Incident Report for Buildkite

Postmortem

Service Impact

A subset of customers experienced elevated latency in notification delivery.

Incident Summary

While migrating a subset of our background processing services to Amazon EKS, we encountered an issue with delivery of internal metrics. The discovered issue did not impact performance or availability, but would have impaired our ability to detect such problems if they occurred.

Out of an abundance of caution we decided to revert the migration, and moved those services back to the original infrastructure on AWS Fargate.

When migrating to EKS, we scale down and disable automatic scaling on Fargate. This allows us to quickly migrate back by scaling up Fargate. When we moved the workloads back to Fargate to restore internal metrics, we missed the step to re-enable autoscaling. As a result, the affected services did not have sufficient capacity and could not keep up with incoming work.

We re-enabled autoscaling promptly once the problem was discovered, and provisioned extra capacity for customers where a backlog of work had accumulated.

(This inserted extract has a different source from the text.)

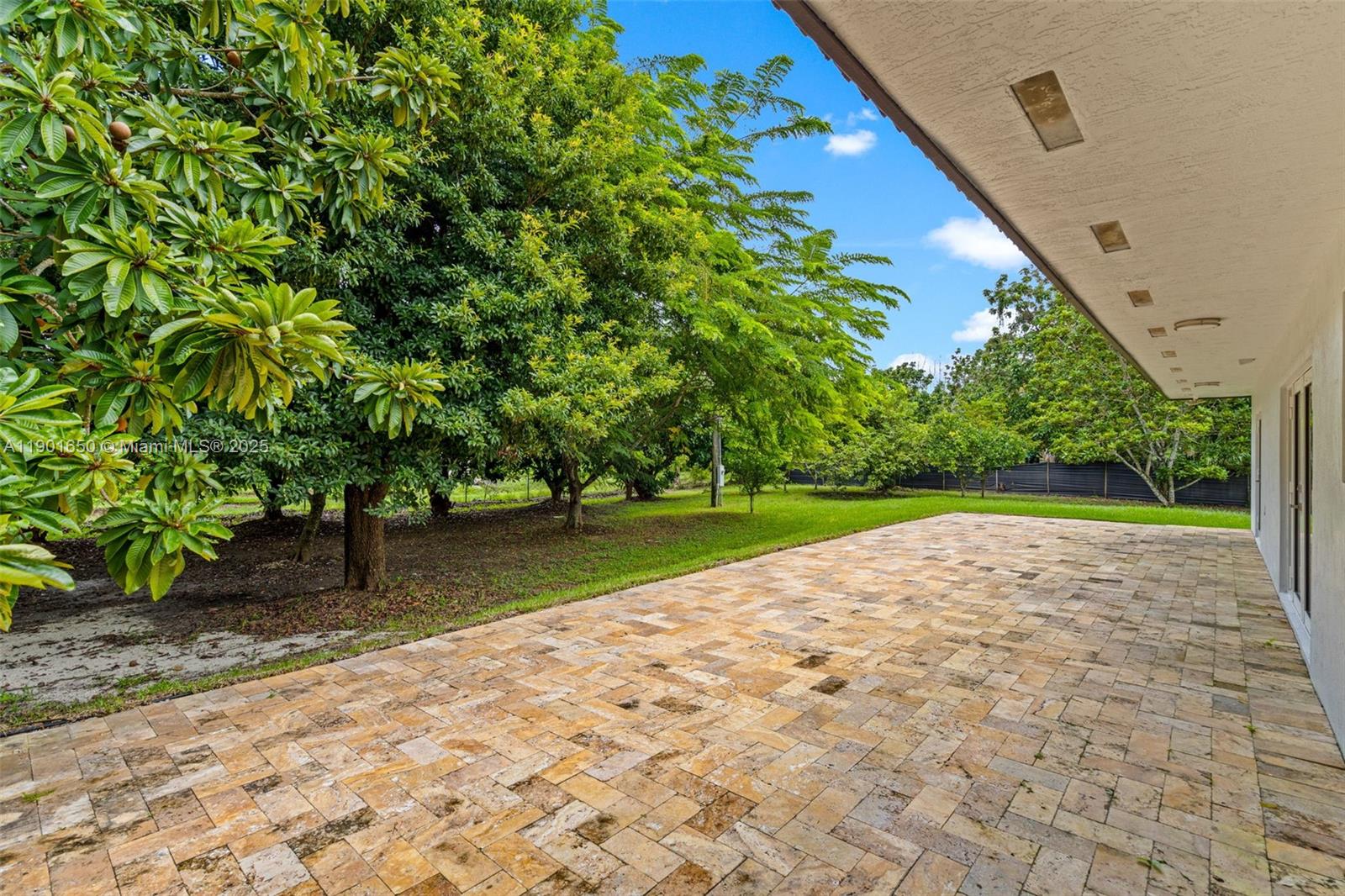 21991 SW 252nd St, Homestead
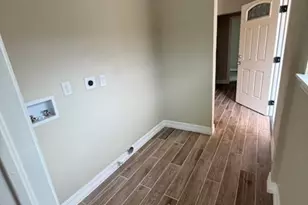 702 McDaniel St, Houston, TX 77022 - Photo 9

Between 09:17 and 10:17 UTC, a small subset of our customers were impacted. Individual customers experienced a limited outage of notification services, which lasted between 35 and 58 minutes within this window, if there was any impact at all. The migration is performed in small batches, so not all customers experienced this incident.

Changes we're making

  • We are simplifying the runbook used to rollback migrations in the event of incidents.
  • We are adding more verification steps to the migration process.
Posted May 28, 2026 - 04:21 UTC

Resolved

We think the impact from the issue is over.
Posted May 26, 2026 - 10:38 UTC

Update

We see processing time for all affected services has returned to normal as of 20 minutes ago.
Posted May 26, 2026 - 10:37 UTC

Monitoring

We've identified the problem and have completed the remediation steps, we are now monitoring as service resumes.
Posted May 26, 2026 - 10:08 UTC

Identified

We're observing increased latency and error rates for a subset of our customers. We're currently remediating and will provide status updates as they become available.
Posted May 26, 2026 - 09:56 UTC
This incident affected: Notifications (GitHub Commit Status Notifications, Email Notifications, Slack Notifications, Webhook Notifications).